[ENTRIES SUPPLIED]:
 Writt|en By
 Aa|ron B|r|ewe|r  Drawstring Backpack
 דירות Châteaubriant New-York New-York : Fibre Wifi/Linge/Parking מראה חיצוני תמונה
---
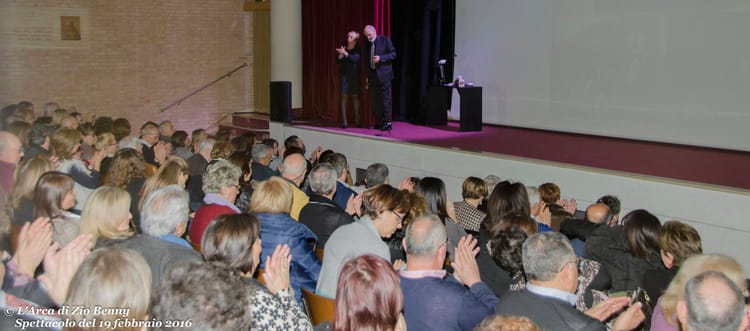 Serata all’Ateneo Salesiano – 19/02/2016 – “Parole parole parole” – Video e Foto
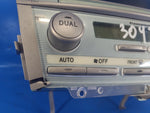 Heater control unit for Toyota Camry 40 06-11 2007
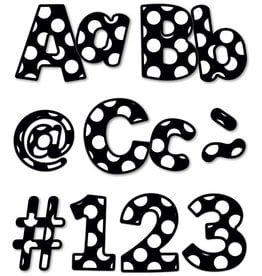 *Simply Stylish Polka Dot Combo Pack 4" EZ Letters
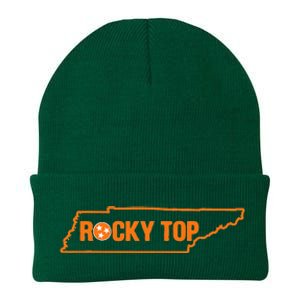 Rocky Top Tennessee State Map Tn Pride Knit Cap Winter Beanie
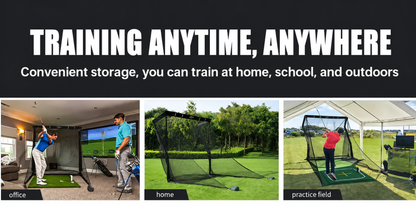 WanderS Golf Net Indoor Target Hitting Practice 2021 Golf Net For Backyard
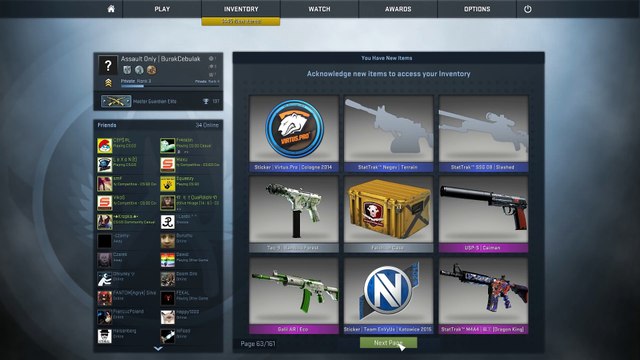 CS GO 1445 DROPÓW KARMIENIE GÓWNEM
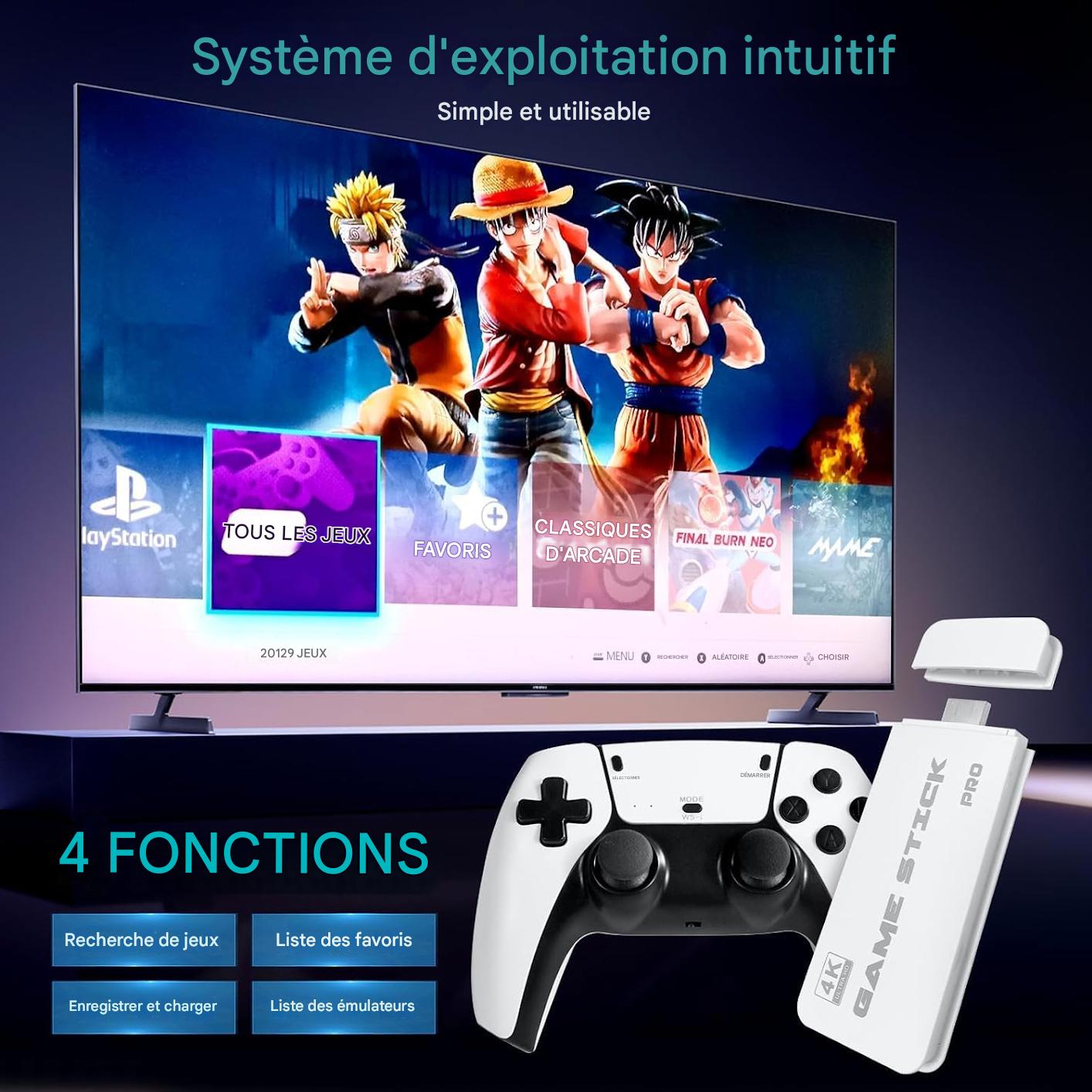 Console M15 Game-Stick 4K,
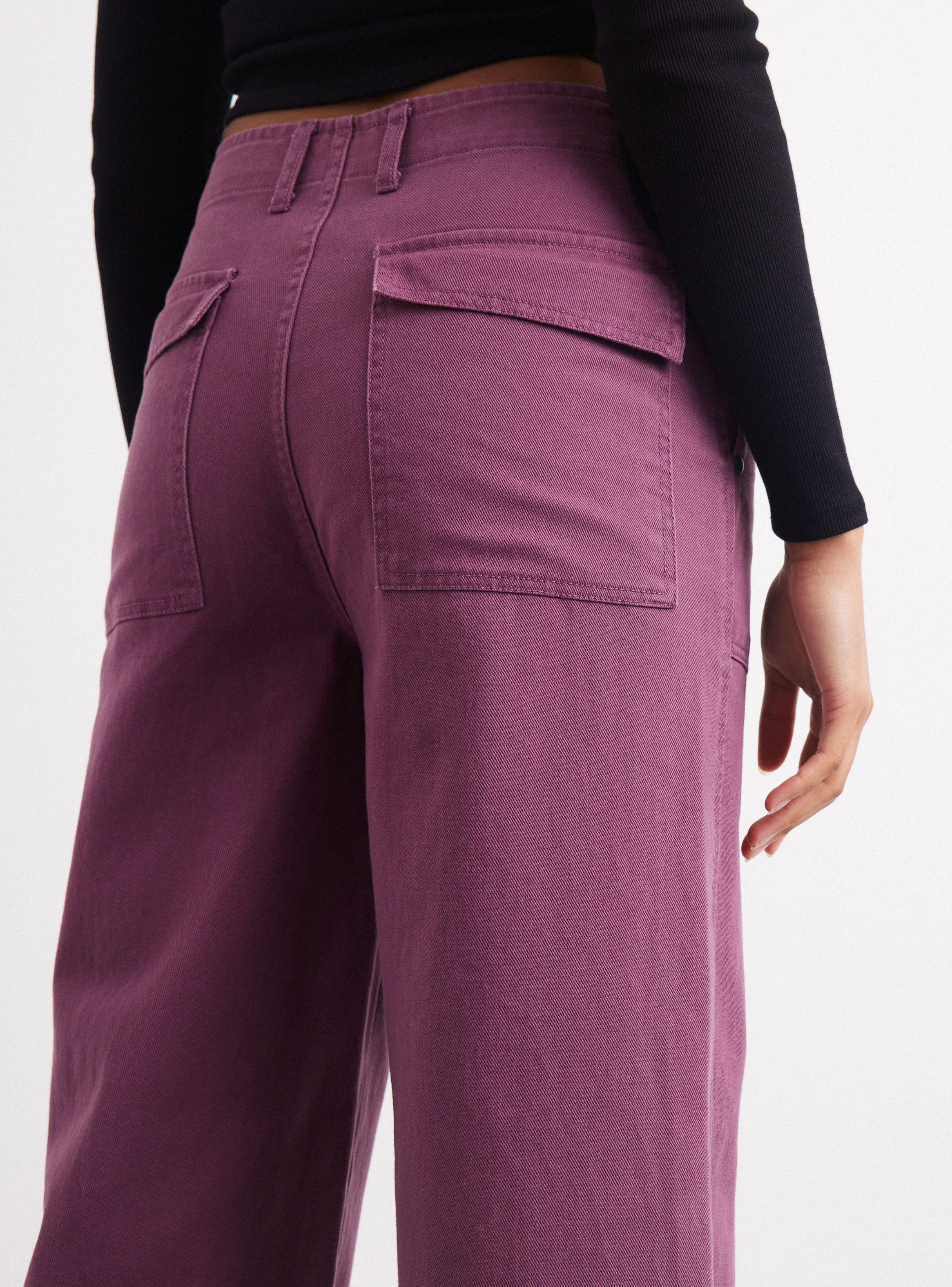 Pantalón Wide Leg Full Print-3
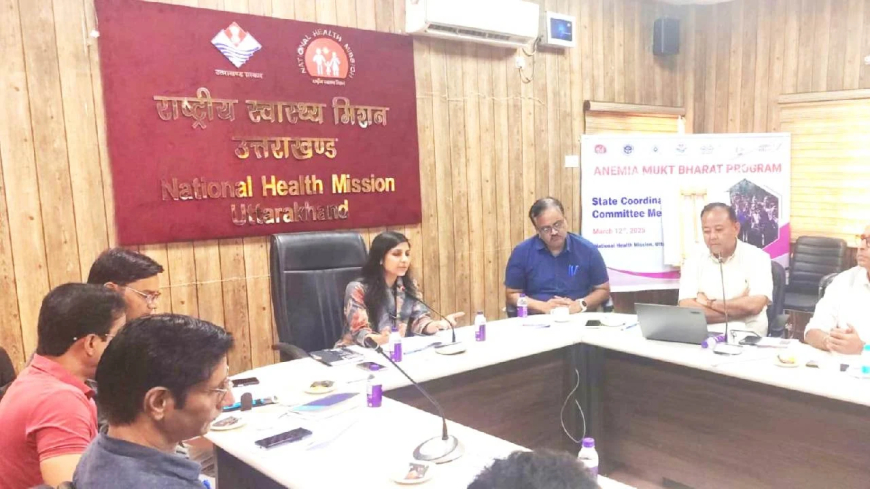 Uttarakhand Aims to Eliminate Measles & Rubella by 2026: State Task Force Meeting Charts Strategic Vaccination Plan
* * *
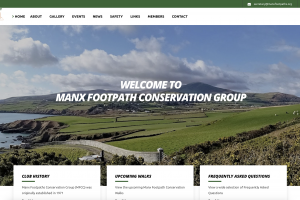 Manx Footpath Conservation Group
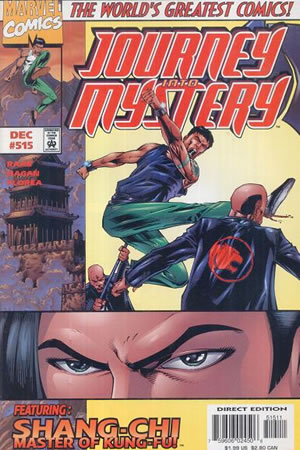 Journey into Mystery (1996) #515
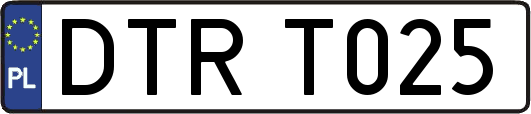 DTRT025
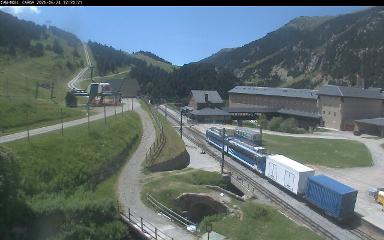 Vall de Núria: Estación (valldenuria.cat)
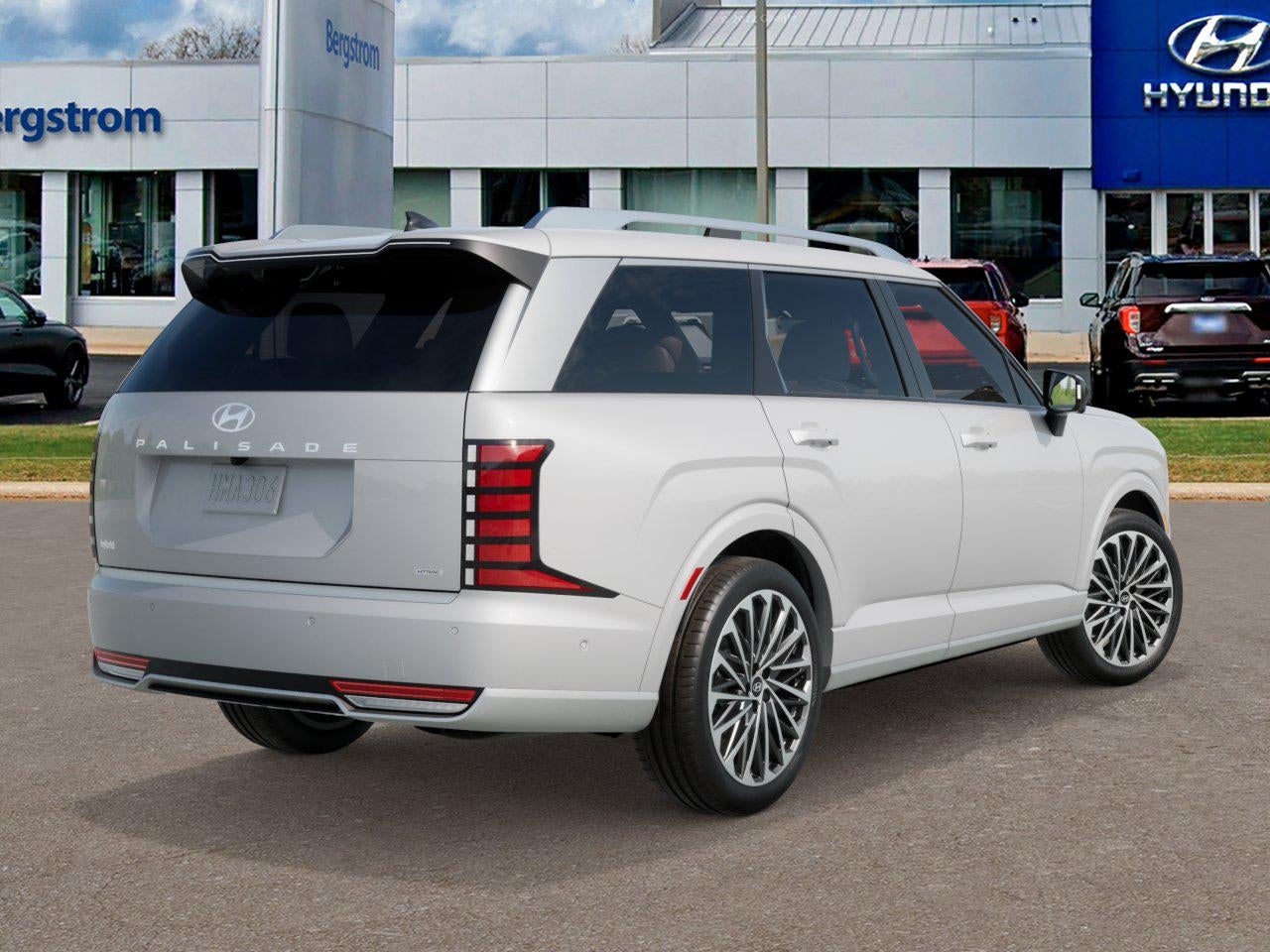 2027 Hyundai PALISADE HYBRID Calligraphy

[EXERCISE DETAILS]: Reproduce, word for word, everything in the listing above from the line containing "Console M15 Game-Stick" down to the line containing "Uttarakhand Aims to", both of them included. No pictures.

[RESULT FOR THIS TASK]:
 Console M15 Game-Stick 4K,
 Pantalón Wide Leg Full Print-3
 Uttarakhand Aims to Eliminate Measles & Rubella by 2026: State Task Force Meeting Charts Strategic Vaccination Plan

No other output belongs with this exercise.